Hechos de los apóstoles 4, 8-12; Sal 117, 1 y 8-9. 21-23. 26 y 28-29 ; san Juan 3, 1-2; san Juan 10,11-18

Al leer el evangelio de hoy espontáneamente nos vienen a la memoria las palabras que dijo Benedicto XVI en la homilía inaugural de su pontificado: “rezad para que no tenga miedo de los lobos”. El Papa, consciente de la fragilidad de todo hombre, de ese misterio expresado bellamente por san Pablo, “llevamos tesoros en vasijas de barro”, nos pide que oremos por su fidelidad. La llamada del Papa nos enseña a entender el Evangelio de hoy: ¡Cuántos pastores no se habrán convertido en mercenarios1¡Qué responsabilidad no tendremos nosotros por no haberlos acompañado con la oración y con el apoyo humano! Hay muchos lobos y no poco peligrosos.

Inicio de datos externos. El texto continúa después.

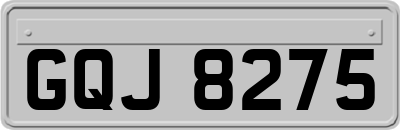 GQJ8275
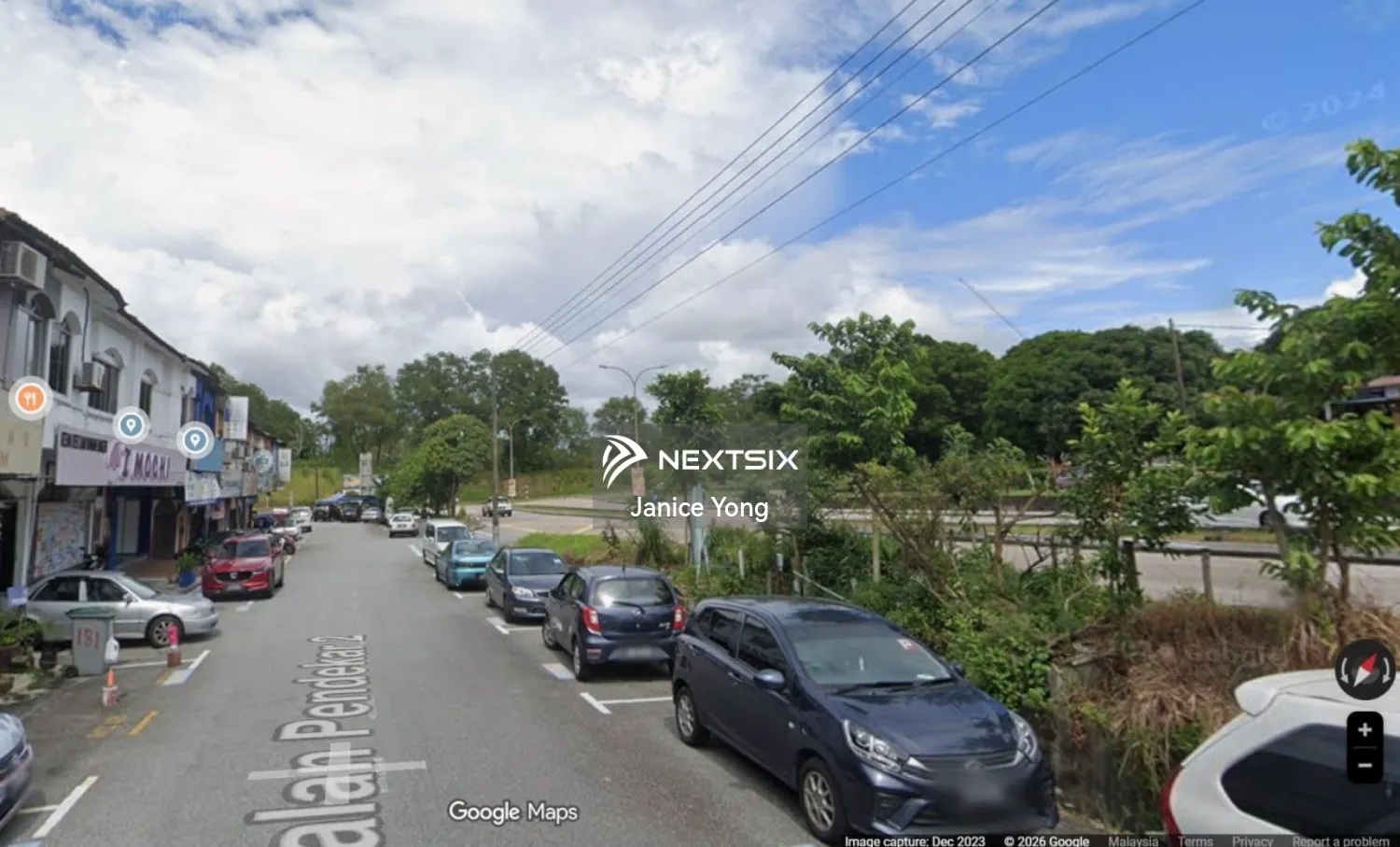 Shop For Rent in Skudai Johor - Image 5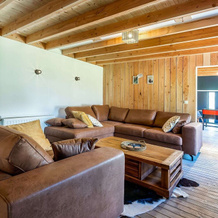 Beautiful Holiday Home in Gesves With Garden and Terrace, 耶夫 — 照片 2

Es verdad que algunos igual sólo son asalariados. Pero ciertamente no faltan los buenos pastores que luchan por ser fieles a la misión recibida. El Buen Pastor es Jesucristo. Sólo Él es fiel hasta el final y por su sacrificio de la cruz ha ganado muchas ovejas para el rebaño que ha de descansar en los prados de la eternidad. Pero Él quiere que haya otros buenos pastores que, unidos a Él, cuiden de su pueblo. Fácilmente podemos hacer memoria de algunos santos, como Gregorio VII, que luchó por la libertad de la Iglesia; Tomás Bécket, que murió asesinado en su catedral por defender los intereses de Jesús; san Francisco Javier, desgastado en el lejano Oriente por la predicación y la administración de los sacramentos; Cirilo y Metodio, que evangelizaron los países eslavos… Son muchos a lo largo de la historia que testimonian cómo Jesús, el Buen Pastor, sigue cuidando de nosotros. Igualmente, cada uno, podemos recordar a aquellos que nos acompañaron en el camino de la fe y gracias a ellos hoy somos cristianos. Sí, Jesús está junto a nosotros y guía a su Iglesia.

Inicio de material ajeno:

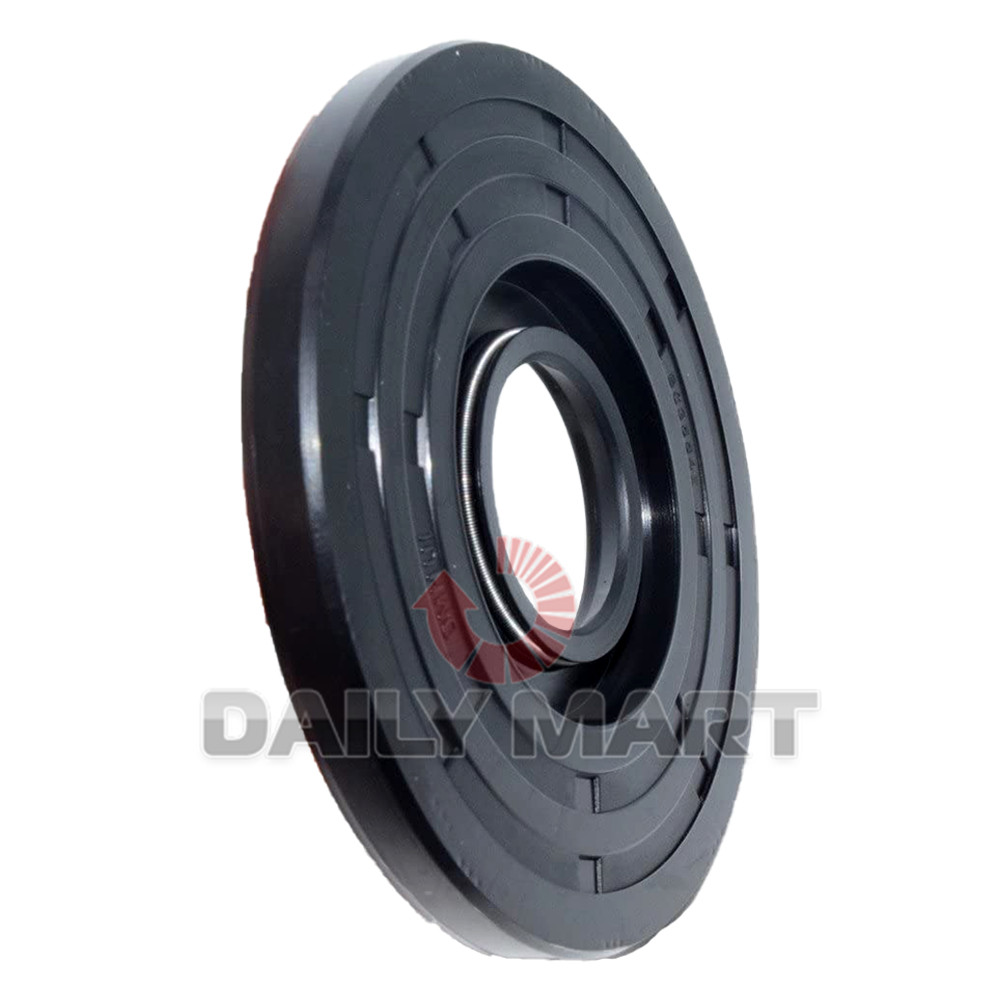 New In Box DMHUI BC3554E Servo Motors Oil Seal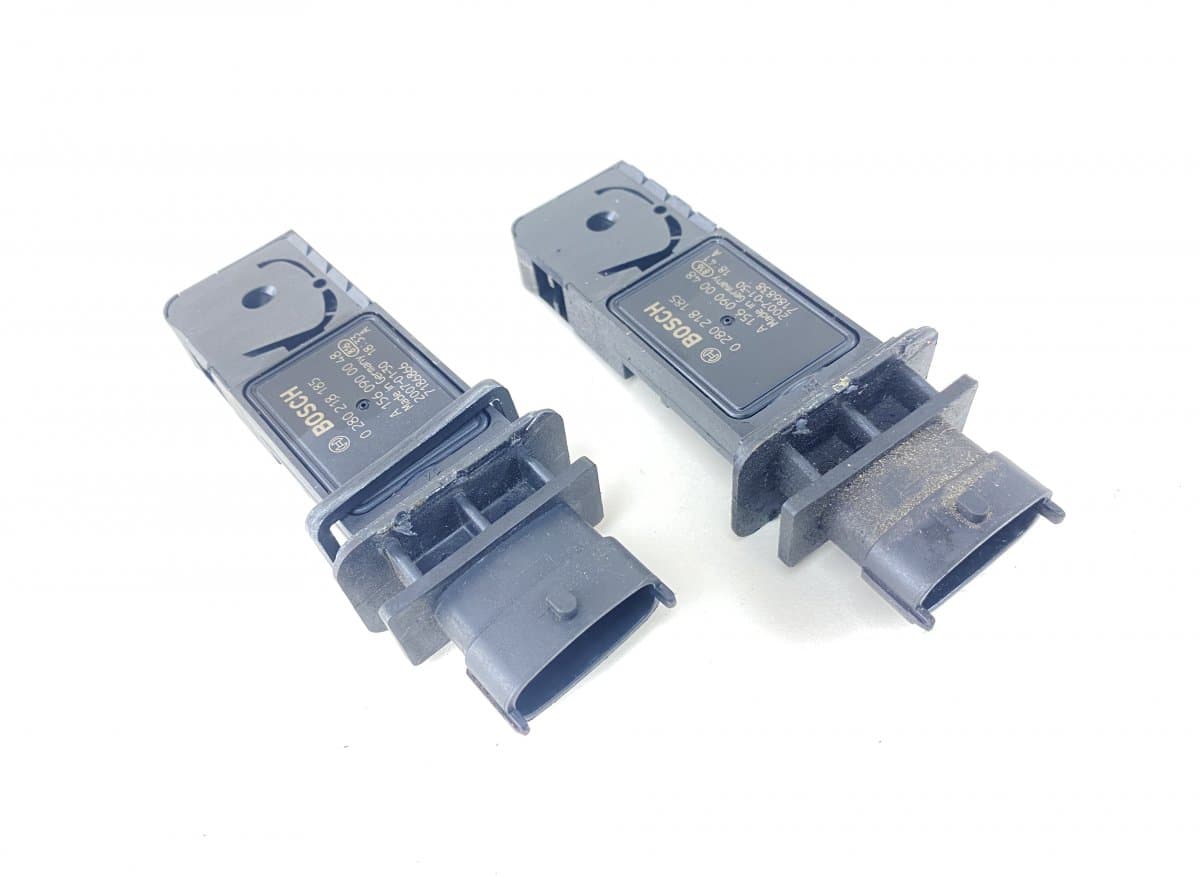0280218185 Mass Air-Flow Sensor MERCEDES-BENZ S-CLASS Coupe (C216) (2006-2013)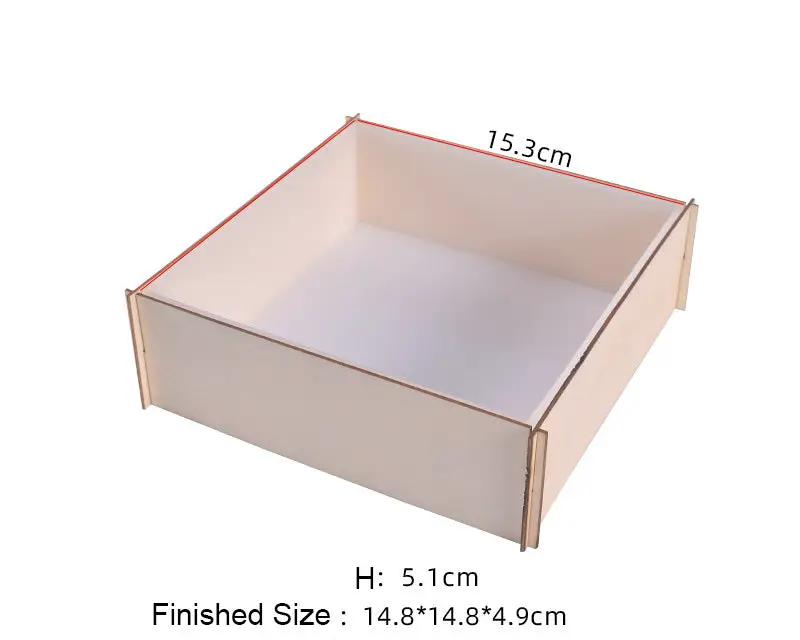 Jumbo Moulds Tap Out Moulds Floral Preservation, Specimens Making, Bookend Moulds by Resin Art NZ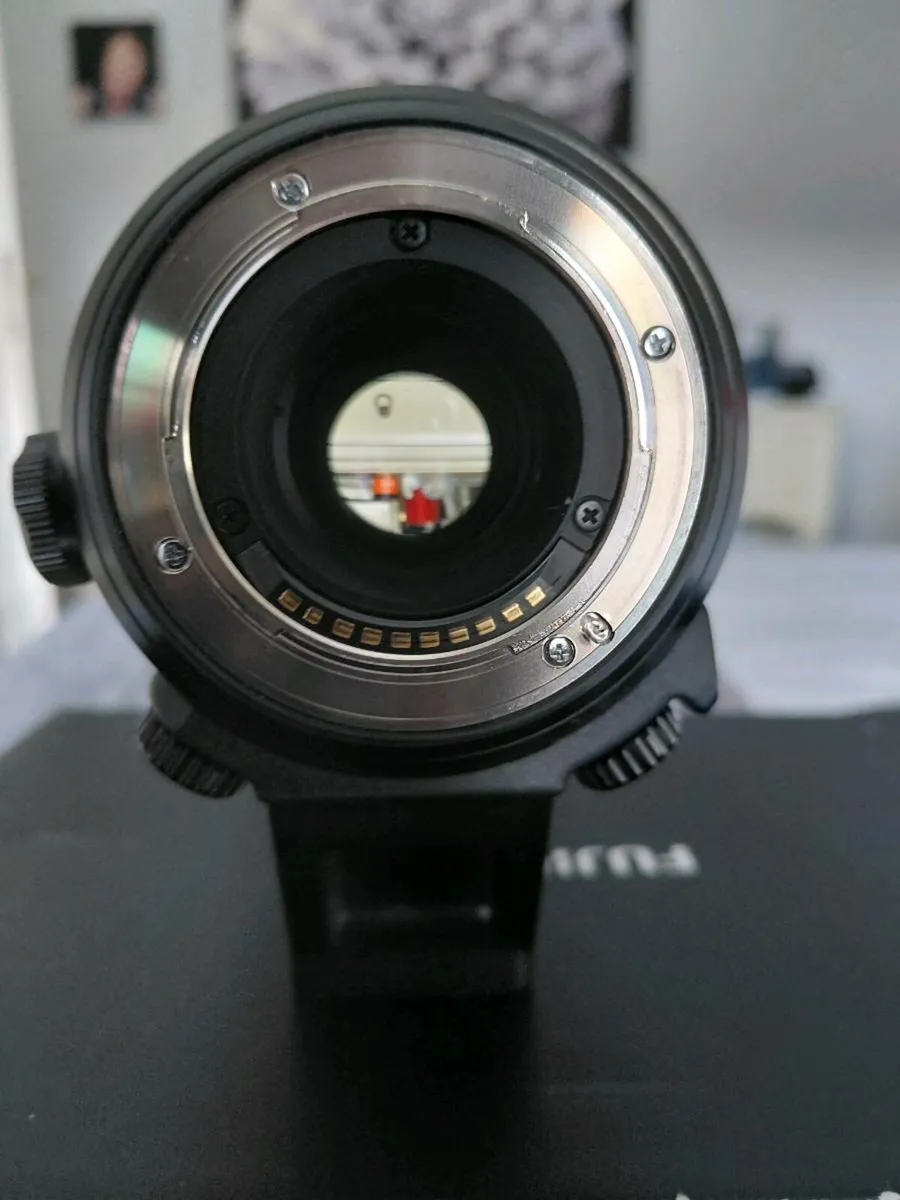 Fujifilm XF 50-140mm F2.8 LM OIS WR - Image 3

Esa es la verdad que Pedro anuncia en la primera lectura de hoy. Han curado a un paralítico y todos se preguntan cómo han sido capaces. La respuesta del apóstol es clara: “ha sido el nombre de Jesucristo Nazareno, a quien vosotros crucificasteis y a quien Dios resucitó de entre los muertos”. Si siguen sucediendo cosas en la Iglesia es porque el Señor está presente. Y lo reconocemos porque actúa. Suceden cosas que desbordan nuestra capacidad y que evidencian que hay Alguien. No hay proporción entre lo que vive la Iglesia y lo que aparece ante nuestros ojos. Hay Otro que hace posible ese milagro diario.

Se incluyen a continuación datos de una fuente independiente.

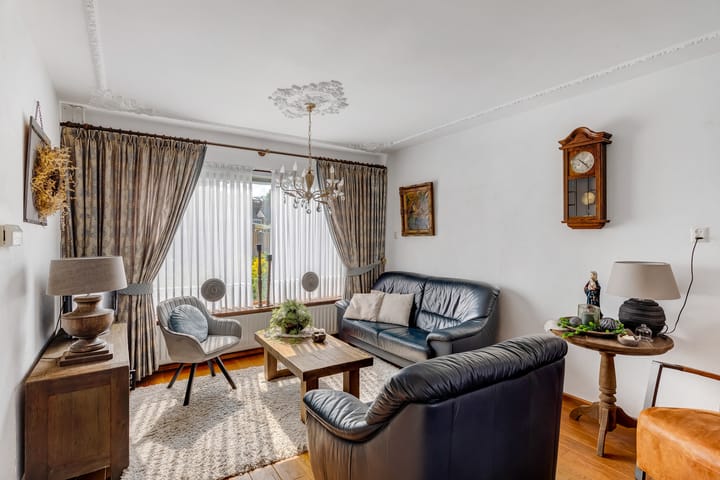 Foto 9 van Hemiksemstraat 21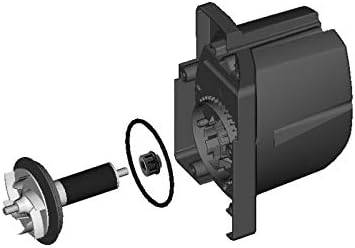 Fluval FX6 Service Kit, Aquarium Canister Filter Maintenance Kit - Image 2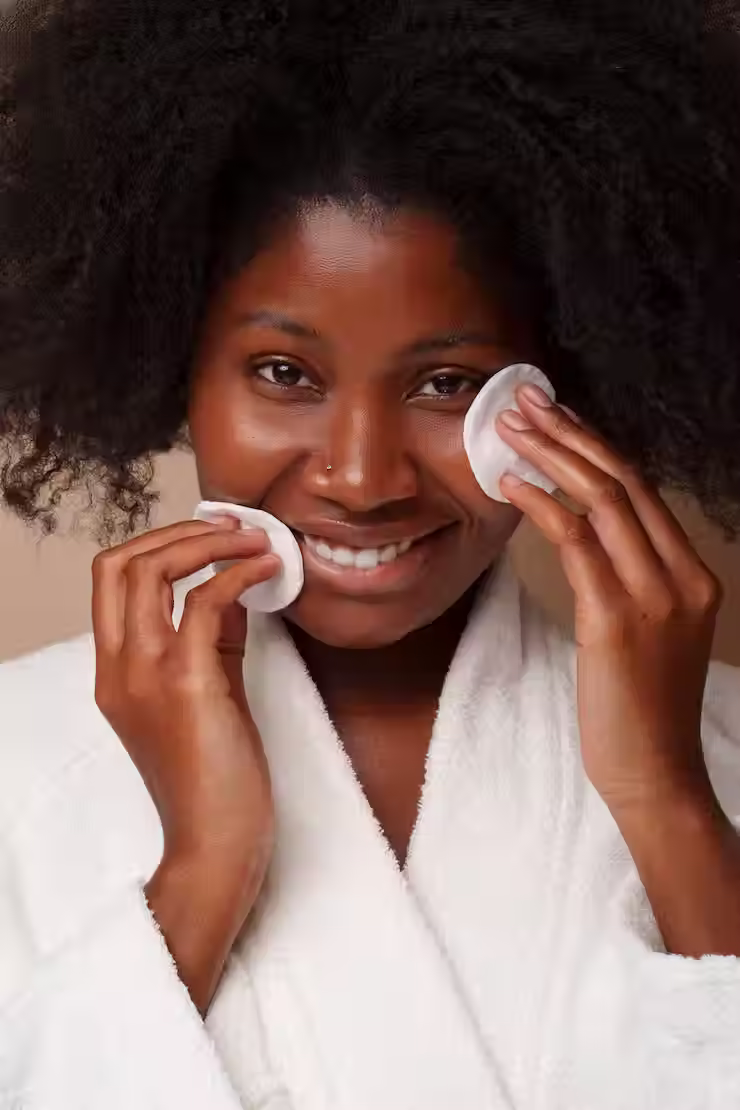 Why Catering to Melanin Rich Skin Isn’t Optional—It’s Essential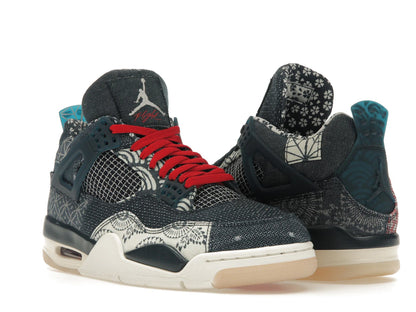 Air Jordan 4 Retro SE Sashiko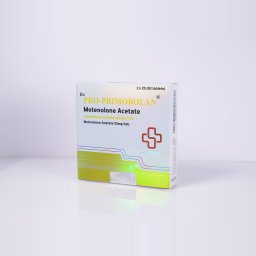 Pro-Primobolan Pro-Primobolan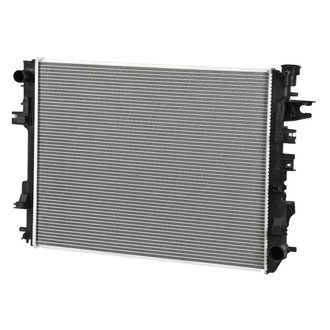 Torxe™ - Engine Coolant Radiator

Esta es una de las consecuencias de la resurrección: Jesús ha resucitado y vive para siempre. En su vivir acompaña a la Iglesia y la pastorea. Para ello se sirve de otros pastores que asocia a su misión. Ellos han de ser pastores según el corazón de Jesús y nosotros debemos pedir para que así sea. Otra de las consecuencias es la que señala san Juan en la segunda lectura de este día: somos hijos de Dios. Jesús, al resucitar, no sólo rompe las cadenas de la muerte que aprisionaban nuestra vida humana. Hace algo más, derrama la vida divina sobre los hombres. Podía liberarnos del pecado y sería suficiente para mostrar su misericordia. Pero ha ido más allá y nos ha comunicado su propia vida. Como indica el Apóstol ahora aún no se nos manifiesta totalmente, pero ya está. En el cielo lo comprenderemos totalmente. El Dios que se ha hecho hombre quiere pastorear a hombres divinizados.